McQueen inserts an image of the port city Gravesend at sunset, and the wall label informs us that this industrial landscape, on the banks of the Thames, was the place written about by Joseph Conrad in the opening lines of Heart of Darkness, who saw the great river as a “mighty waterway leading to the uttermost ends of the earth” (“uttermost” from whose perspective, one wonders?) (Source: Milroy 2007, np link).

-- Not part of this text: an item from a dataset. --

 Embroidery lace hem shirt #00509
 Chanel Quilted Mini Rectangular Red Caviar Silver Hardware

By referring to and including images of the south eastern English industrial port of Gravesend, the film traces the lopsided relations between current-day Europe and Africa back to nineteenth-century colonialism, specifically via its representation in Conrad’s Heart of Darkness: Conrad’s protagonist Marlow sits in a sailboat on the Thames estuary in Gravesend while he tells his notorious tale of journeying up the Congo River. McQueen’s film commemorates that literary moment through an extended passage of sun setting over the port’s factories and smoke stacks (mirroring the crepuscular time of Marlow’s narration), a sequence that ever so slowly dissolves and gives way to images of Congolese laborers. The resulting palimpsest of geographies joins the normally separated regions, a segregation that otherwise conveniently dissociates advanced technological procedures from the faraway exploitation of natural resources amid conditions of brutal lawlessness. Meditative and melancholy, the sunset’s elegiac tones suggest not only the twilight of both industrialisation and Britain’s imperial reign but also a funereal resignation in the face of the continuation of their deathly effects under a different name (Source: Demos 2009, p.9 link).

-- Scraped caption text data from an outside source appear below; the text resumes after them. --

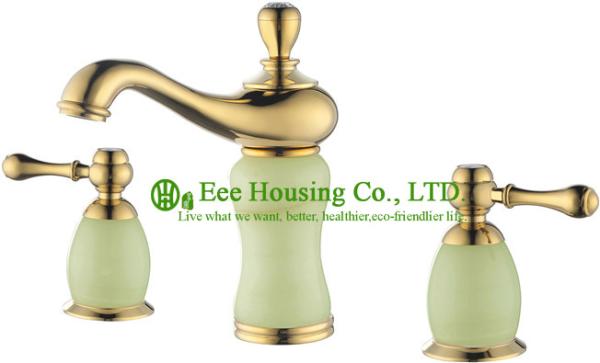 Buy cheap basin faucet,brass three-hole basin mixer,bathroom faucet,chrome finished,bathroom accessories from wholesalers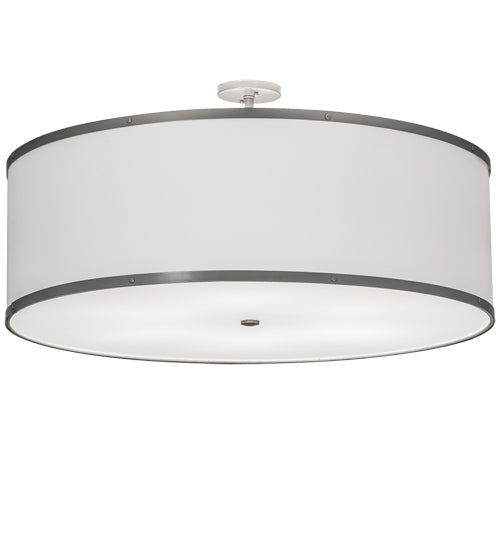 Meyda Lighting Cilindro 36" 6-Light Champagne Semi-flush Mount Light With White Textrene & Statuario Idalight Shade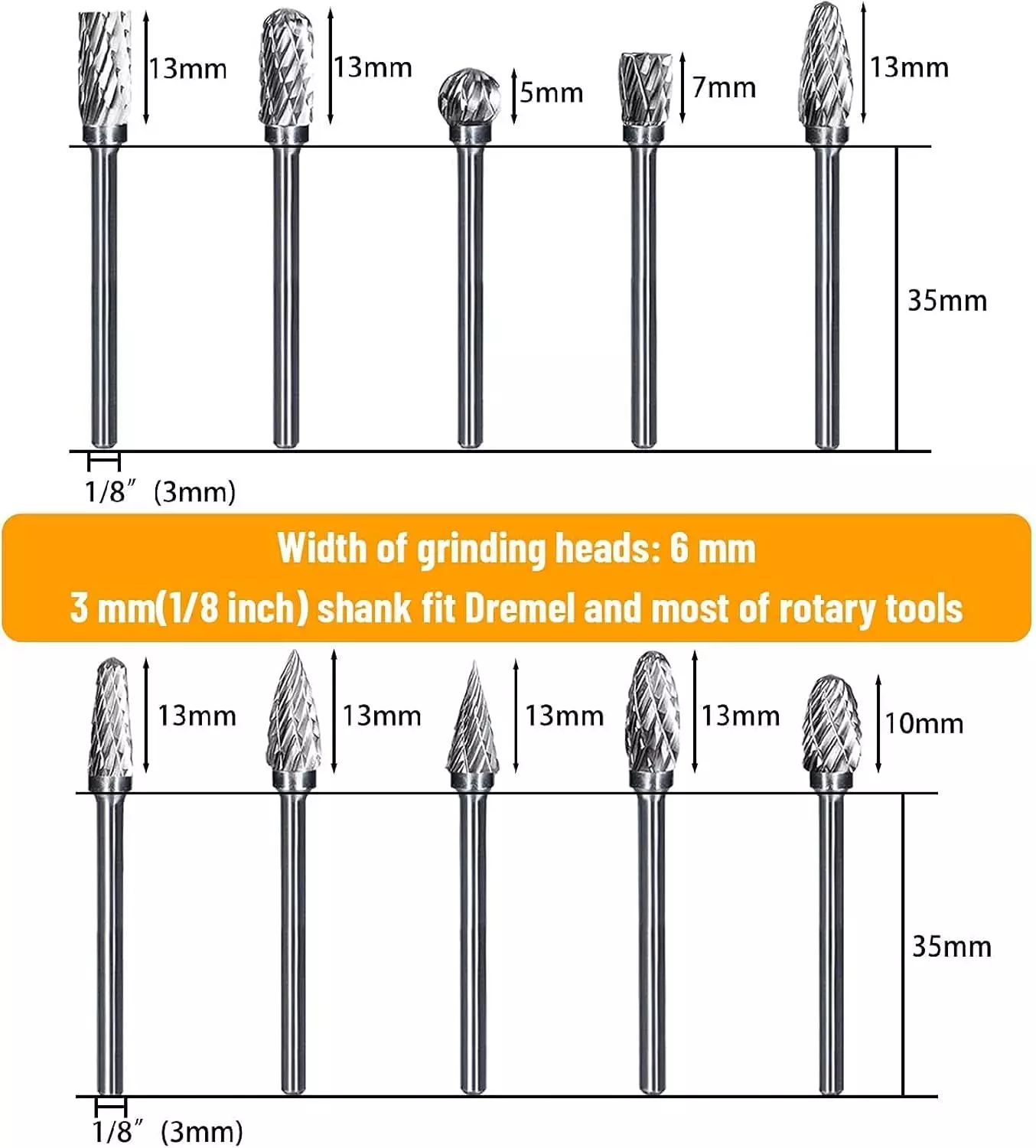 MECRAAF Multiple Shape Double Cut Burr Cutter 5, 7, 10 & 13 mm Head Length, BC-3X6 SET (Set of 10)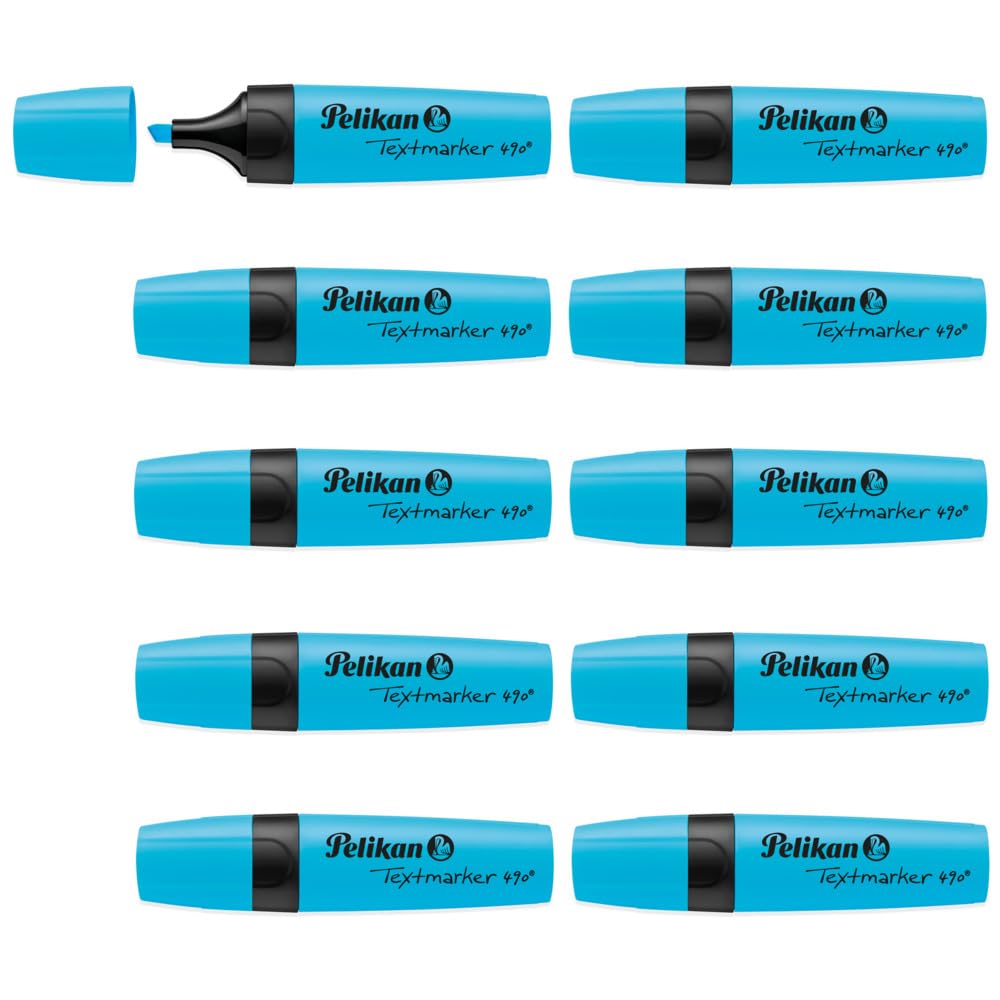 Pelikan 490 Highlighters, Blue, Water-Based Ink, Exam & Study Highlighters with Chisel Tip, Pack of 10 in box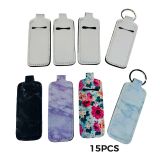 CALCA 15pcs Sublimation Chapstick Holder, 4" x 1.53" Sublimation Neoprene Keychain Bulk Blanks, Clip-on Sleeve Travel Key Ring Holder Neoprene DIY Ornament Crafts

Gravesend above all else is a poem, and an epic one at that. Strikingly beautiful, and supremely ambitious, it is a highly formal meditation that speaks by looking. Paired with [his] Unexploded [film], whose footage of damage wrought by an unexploded bomb was taken by the artist in Basra, Iraq, it becomes clear that McQueen is composing with elements from the here and now. Decisively unsentimental in their depiction of contemporary life, these works make all the clearer that as the ring tone tolls for one, it tolls for all (Source: Walker 2007, np link).
McQueen’s avoidance of the art-world hustle has left him relatively immune to the vicissitudes of the marketplace: His work, owned almost exclusively by museums and dedicated collectors, never turns up at auction. Asked about the shaky state of today’s art market, McQueen says coolly, “I don’t give a s—. I don’t care. If I was thinking about money when I was making something, I possibly wouldn’t make it (Source: Bagley 2009, p.244).
David Coggins: A critic wrote that the film Gravesend - which includes extraordinary footage of miners deep underground [in the Congo], sometimes in complete silence - is “first and foremost about looking.” Do you think that’s true about your work in general? You use such powerful images—do you consider yourself a formal artist? Steve McQueen: I don’t think so, no. Formal? No, it’s not an exercise. This particular work has more formal aspects than others… It depends on the context and content of the piece. As far as Gravesend, it’s about a mineral called coltan. Coltan is virtually everywhere, in every cell phone, every digital electronic device. It’s a conductor, this miracle mineral that doesn’t overheat. And the fact that the majority of it comes from this place in the Congo—this whole idea of going back to the source fascinated me. Going there was completely different from what I expected. DC: Do you think your work gives a voice to people who aren’t in a powerful position? SM: Not at all. I may bring attention to them, but really these are situations that I find interesting. These people can speak for themselves—there are documentaries, books written about the subjects. It’s not about me giving them a voice; it’s about me looking at their situations in a way that’s different from how other people look at them. DC: Are your influences cinematic, or do they come from the art world? SM: My influences come from real life. I’m not interested in cinema for cinema’s sake. I’m interested in life—what one does and how one interacts (Source: Coggins 2008, np link).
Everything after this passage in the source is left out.